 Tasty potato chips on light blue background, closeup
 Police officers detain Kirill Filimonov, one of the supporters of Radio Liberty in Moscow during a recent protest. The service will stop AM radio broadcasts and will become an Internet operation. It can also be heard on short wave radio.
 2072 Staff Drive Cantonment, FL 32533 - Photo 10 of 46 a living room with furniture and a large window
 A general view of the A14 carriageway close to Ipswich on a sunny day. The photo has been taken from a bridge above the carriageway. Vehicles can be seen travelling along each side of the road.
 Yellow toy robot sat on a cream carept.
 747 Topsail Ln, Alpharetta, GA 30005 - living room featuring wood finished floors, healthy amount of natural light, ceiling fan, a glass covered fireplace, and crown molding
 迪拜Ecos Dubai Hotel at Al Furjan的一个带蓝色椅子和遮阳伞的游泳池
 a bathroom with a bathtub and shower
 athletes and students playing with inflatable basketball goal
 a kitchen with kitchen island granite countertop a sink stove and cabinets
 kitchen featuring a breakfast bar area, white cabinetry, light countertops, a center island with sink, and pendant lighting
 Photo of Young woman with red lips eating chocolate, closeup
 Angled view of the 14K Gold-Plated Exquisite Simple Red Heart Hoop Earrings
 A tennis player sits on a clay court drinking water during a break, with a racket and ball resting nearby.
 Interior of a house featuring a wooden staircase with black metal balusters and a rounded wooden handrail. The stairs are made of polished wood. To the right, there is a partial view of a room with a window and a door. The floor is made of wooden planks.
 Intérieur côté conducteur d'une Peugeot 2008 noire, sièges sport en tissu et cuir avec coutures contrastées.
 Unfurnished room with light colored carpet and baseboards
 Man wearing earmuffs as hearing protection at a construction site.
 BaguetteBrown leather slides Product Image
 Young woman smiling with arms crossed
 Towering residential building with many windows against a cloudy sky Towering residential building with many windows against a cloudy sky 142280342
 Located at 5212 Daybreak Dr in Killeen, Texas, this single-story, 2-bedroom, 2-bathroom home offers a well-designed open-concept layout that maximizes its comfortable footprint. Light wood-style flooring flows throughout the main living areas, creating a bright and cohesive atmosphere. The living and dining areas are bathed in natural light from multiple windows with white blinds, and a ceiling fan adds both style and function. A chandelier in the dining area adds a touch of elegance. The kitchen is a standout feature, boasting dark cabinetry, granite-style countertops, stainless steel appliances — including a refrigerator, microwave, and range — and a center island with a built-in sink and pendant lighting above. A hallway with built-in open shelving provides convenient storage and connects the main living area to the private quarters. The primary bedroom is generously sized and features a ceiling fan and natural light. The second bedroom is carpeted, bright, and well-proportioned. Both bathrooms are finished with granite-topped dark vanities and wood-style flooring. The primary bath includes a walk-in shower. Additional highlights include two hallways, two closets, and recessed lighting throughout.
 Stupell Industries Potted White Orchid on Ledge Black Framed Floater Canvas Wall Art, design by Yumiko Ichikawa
::::::::
# Exercise instructions
Please repeat the listing above in full and exactly.

# Final answer
 Tasty potato chips on light blue background, closeup
 Police officers detain Kirill Filimonov, one of the supporters of Radio Liberty in Moscow during a recent protest. The service will stop AM radio broadcasts and will become an Internet operation. It can also be heard on short wave radio.
 2072 Staff Drive Cantonment, FL 32533 - Photo 10 of 46 a living room with furniture and a large window
 A general view of the A14 carriageway close to Ipswich on a sunny day. The photo has been taken from a bridge above the carriageway. Vehicles can be seen travelling along each side of the road.
 Yellow toy robot sat on a cream carept.
 747 Topsail Ln, Alpharetta, GA 30005 - living room featuring wood finished floors, healthy amount of natural light, ceiling fan, a glass covered fireplace, and crown molding
 迪拜Ecos Dubai Hotel at Al Furjan的一个带蓝色椅子和遮阳伞的游泳池
 a bathroom with a bathtub and shower
 athletes and students playing with inflatable basketball goal
 a kitchen with kitchen island granite countertop a sink stove and cabinets
 kitchen featuring a breakfast bar area, white cabinetry, light countertops, a center island with sink, and pendant lighting
 Photo of Young woman with red lips eating chocolate, closeup
 Angled view of the 14K Gold-Plated Exquisite Simple Red Heart Hoop Earrings
 A tennis player sits on a clay court drinking water during a break, with a racket and ball resting nearby.
 Interior of a house featuring a wooden staircase with black metal balusters and a rounded wooden handrail. The stairs are made of polished wood. To the right, there is a partial view of a room with a window and a door. The floor is made of wooden planks.
 Intérieur côté conducteur d'une Peugeot 2008 noire, sièges sport en tissu et cuir avec coutures contrastées.
 Unfurnished room with light colored carpet and baseboards
 Man wearing earmuffs as hearing protection at a construction site.
 BaguetteBrown leather slides Product Image
 Young woman smiling with arms crossed
 Towering residential building with many windows against a cloudy sky Towering residential building with many windows against a cloudy sky 142280342
 Located at 5212 Daybreak Dr in Killeen, Texas, this single-story, 2-bedroom, 2-bathroom home offers a well-designed open-concept layout that maximizes its comfortable footprint. Light wood-style flooring flows throughout the main living areas, creating a bright and cohesive atmosphere. The living and dining areas are bathed in natural light from multiple windows with white blinds, and a ceiling fan adds both style and function. A chandelier in the dining area adds a touch of elegance. The kitchen is a standout feature, boasting dark cabinetry, granite-style countertops, stainless steel appliances — including a refrigerator, microwave, and range — and a center island with a built-in sink and pendant lighting above. A hallway with built-in open shelving provides convenient storage and connects the main living area to the private quarters. The primary bedroom is generously sized and features a ceiling fan and natural light. The second bedroom is carpeted, bright, and well-proportioned. Both bathrooms are finished with granite-topped dark vanities and wood-style flooring. The primary bath includes a walk-in shower. Additional highlights include two hallways, two closets, and recessed lighting throughout.
 Stupell Industries Potted White Orchid on Ledge Black Framed Floater Canvas Wall Art, design by Yumiko Ichikawa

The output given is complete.